С горечью показан фронтовик Семён Акимович - ему не нужны ни льготы, ни деньги, ни почести за былые заслуги - ему, старому солдату, потерявшему на войне ногу, нужны только понимание и человеческое участие. Но жизнь жестока, и в позднем СССР память о подвиге фронтовиков скукожилась до размеров поздравительной открытки: "Тебя пустили на парад раз в год, ты там постоял - отдыхай, жди следующего парада...". Семён Акимович тоже никогда не умрёт - память о победном подвиге советского народа бессмертна; она переживёт и все современные игры в цветные ленточки и стишки "Спасибо деду за Победу!".
А дачники - эти заплывшие жиром, спрятанным под модными шмотками, - уже умерли. Умерли давно, под водочку на веранде, под разговоры о том, что нужно развивать "чувство собственности", под "Белую панаму". Умерли так умерли: кто их будет оплакивать?
Да, "Запретная зона" - это фильм-диагноз, фильм-обличение, но не только и не столько. Прежде всего, это советскй фильм, в котором есть главное - есть надежда и вера в человека. И вера эта оживает в образе казалось бы мёртвого дачника Неклёсова (Кирилл Лавров). Да, он в меньшинстве, он один "как Илья Муромец будет биться головой о стенку", он непонят - но он остался человеком, а это дороже всего.
Да, есть ещё один герой в этом фильме, которого нет ни в титрах, ни в сценарии. Это Ленин, который смотрит на всё происходящее с портрета и слушает, как треплют его имя, от которого к 1984 году остались только пять букв. Но буквально еще через несколько лет даже эти буквы будут так жечь героев перестройки, что те разом объявят Ленина евреем, женщиной и немецким шпионом - но это не поможет. Так зачем здесь Ленин? Его взгляд - немой укор всем обитателям высоких кабинетов, которые трижды успели отречься от его имени ещё до третьих петухов (1984 года). Впрочем, Ленин тоже никогда не умрёт, сколько бы его не хоронили.

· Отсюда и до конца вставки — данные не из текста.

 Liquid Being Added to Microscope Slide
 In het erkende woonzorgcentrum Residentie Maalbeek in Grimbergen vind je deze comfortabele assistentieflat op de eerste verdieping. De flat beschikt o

А теперь два слова о том, что было после фильма. В народе говорят: "Правда глаза колет". Последний фильм Николая Губенко настолько правдив, что кинокритике он глаза попросту выжег - она не заметила фильма.
Вот что писал кинокритик Александр Фёдоров (маститый деятель мира кинокритики, лживый и лицемерный, как профессор Кузнецов из "Курьера" Шахназарова):
"Увы, благородному и актуальному замыслу не суждено было воплотиться в полноценное художественное произведение. На мой взгляд, вопреки авторским намерениям, на экране получилось нечто вроде бледной иллюстрации к газетной заметке. Схематичность сюжета, прямолинейность характеров, отсутствие живой атмосферы вывели фильм за рамки подлинного искусства. Разумеется, можно вослед Николаю Губенко гневно обличать "эпоху застоя", человеческую черствость, бездушность, соглашаться с ним в других социальных обвинениях, на которые он не скупится в своей ленте. Но, к несчастью, от этого она не наполнится художественностью..."

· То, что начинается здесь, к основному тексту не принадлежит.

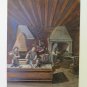 Painting Modern 1974 inside Workshop Foundry with Workers to Work Signed p2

Обращаю ваше внимание, что художественность - не субъективная категория, она не оценивается по шкале "понравилось-не понравилось". Не знаю, что написал бы господин Фёдоров в 2021 году, но в 1988 году, когда была писана эта заметка, ему явно выжгло глаза. А вот гораздо более маститый критик, господин Марголит, судит о "Запретной зоне" с высот философского анализа "толстых и тонких в художественном мире Н. Губенко":
«Так пируют сильные мира сего во главе с Вячеславом Невинным (тоже толстяком) в «Запретной зоне»: на фоне общей беды».

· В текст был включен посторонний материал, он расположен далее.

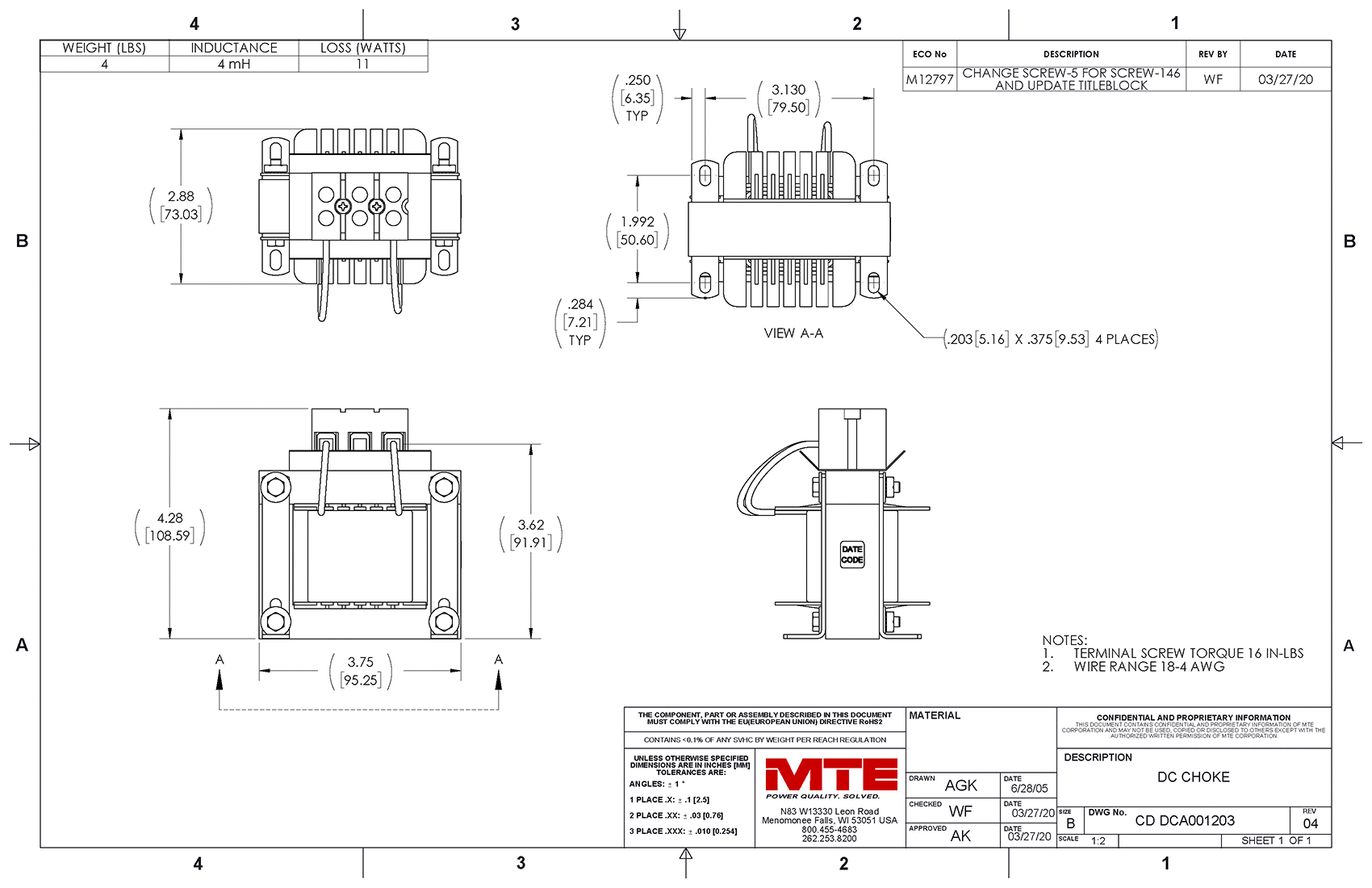 MTE 直流链路扼流圈 DCA001203 图纸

Вячеслав Невинный в "Запретной зоне" не снимался. Бумажные глаза господина Марголита смотрели на экран, но видели что-то своё.
Несмотря на внезапную слепоту экспертного сообщества, фильм "Запретная зона" существует. Более того, это один из величайших фильмов перестройки - наряду с картинами "Кин-Дза", "Курьер", "Мать" Г. Панфилова и другими. Более того, в 2021 году эта картина не потеряла своего значения и продолжает задавать вопрос: "Сколько вы ещё так жить-то будете?"
Да, в прессе писали, что в 2020 году Николай Губенко умер. Не верьте этому - пока живы его фильмы, он тоже никогда не умрёт.